* [REQUIREMENT] Reproduce without any pictures the lines from the one that contains "A Micro Scale" through the end of the records, exactly as written.

* [RECORDS TO USE]
━━━━━━━━━━━━━━━━

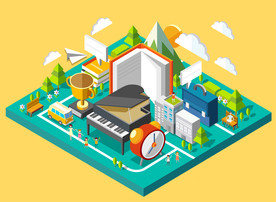 2.5D手机立体建筑场景矢量插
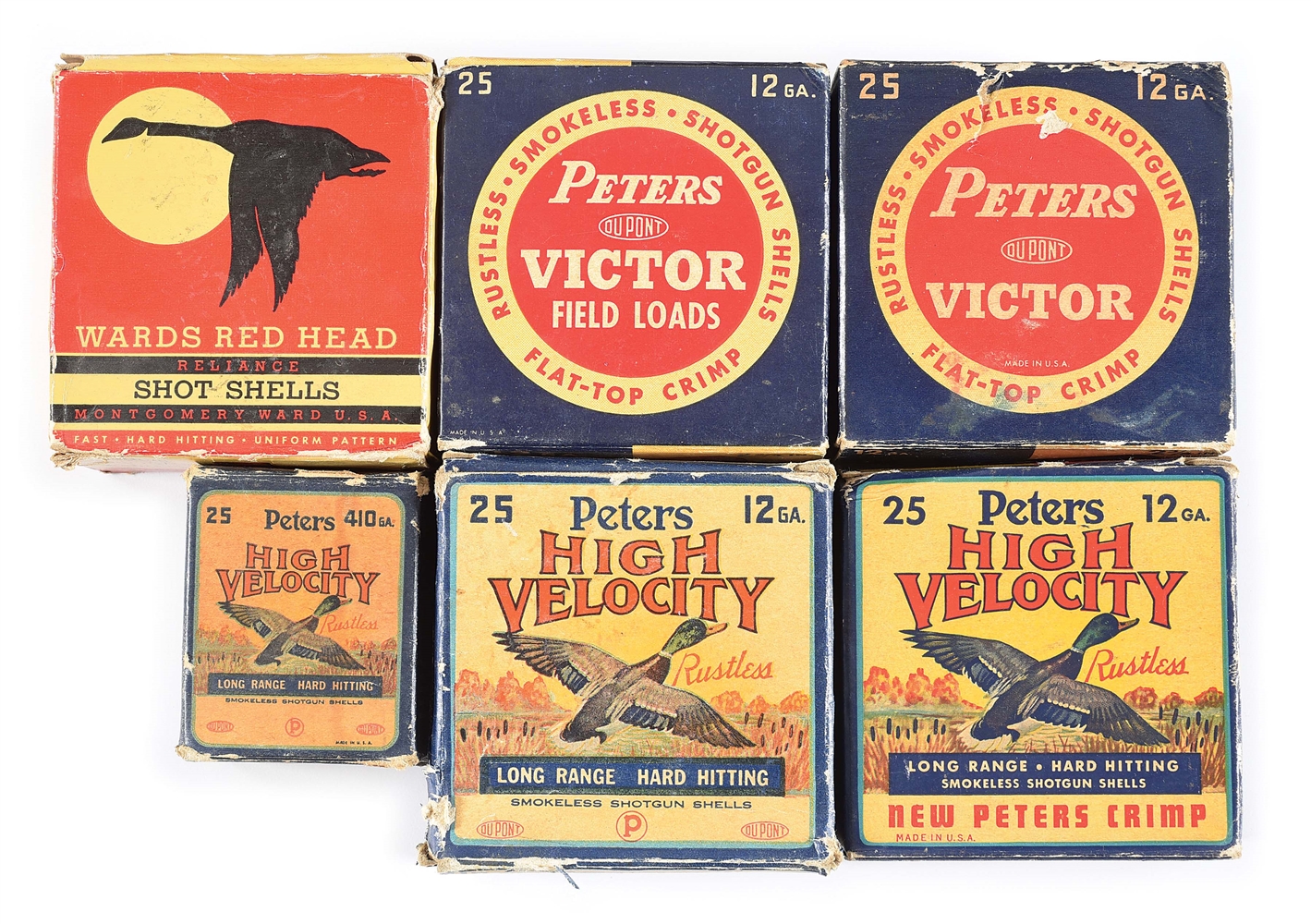 LOT OF 6: PETERS AND MONTGOMERY WARDS VINTAGE SHOTGUN AMMUNITION BOXES.
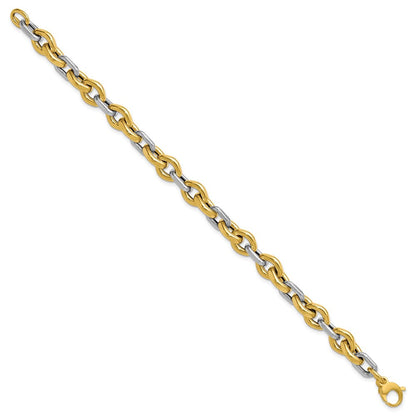 14K Bicolor Poliert Fantasie Flach Kante Glieder Armband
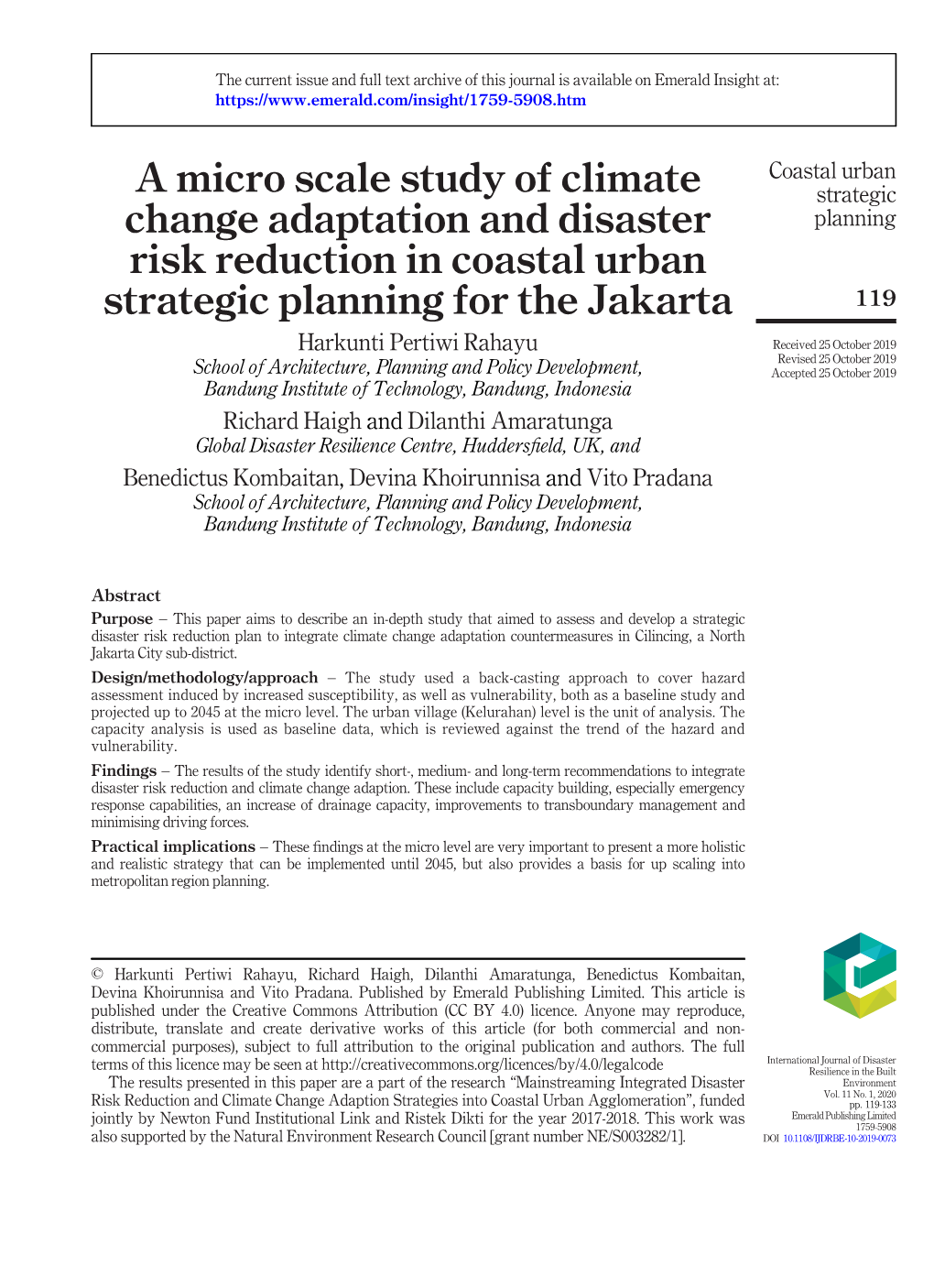 A Micro Scale Study of Climate Change Adaptation and Disaster Risk Reduction in Coastal Urban Strategic Planning for the Jakarta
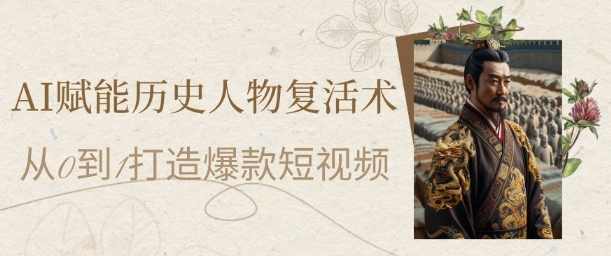 AI赋能历史人物复活术：从0到1打造爆款短视频，7天涨粉10W，小白也能月入过1W【揭秘】,课程,合作,第1张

━━━━━━━━━━━━━━━━

* [SOLVED PROBLEM]
 A Micro Scale Study of Climate Change Adaptation and Disaster Risk Reduction in Coastal Urban Strategic Planning for the Jakarta
 AI赋能历史人物复活术：从0到1打造爆款短视频，7天涨粉10W，小白也能月入过1W【揭秘】,课程,合作,第1张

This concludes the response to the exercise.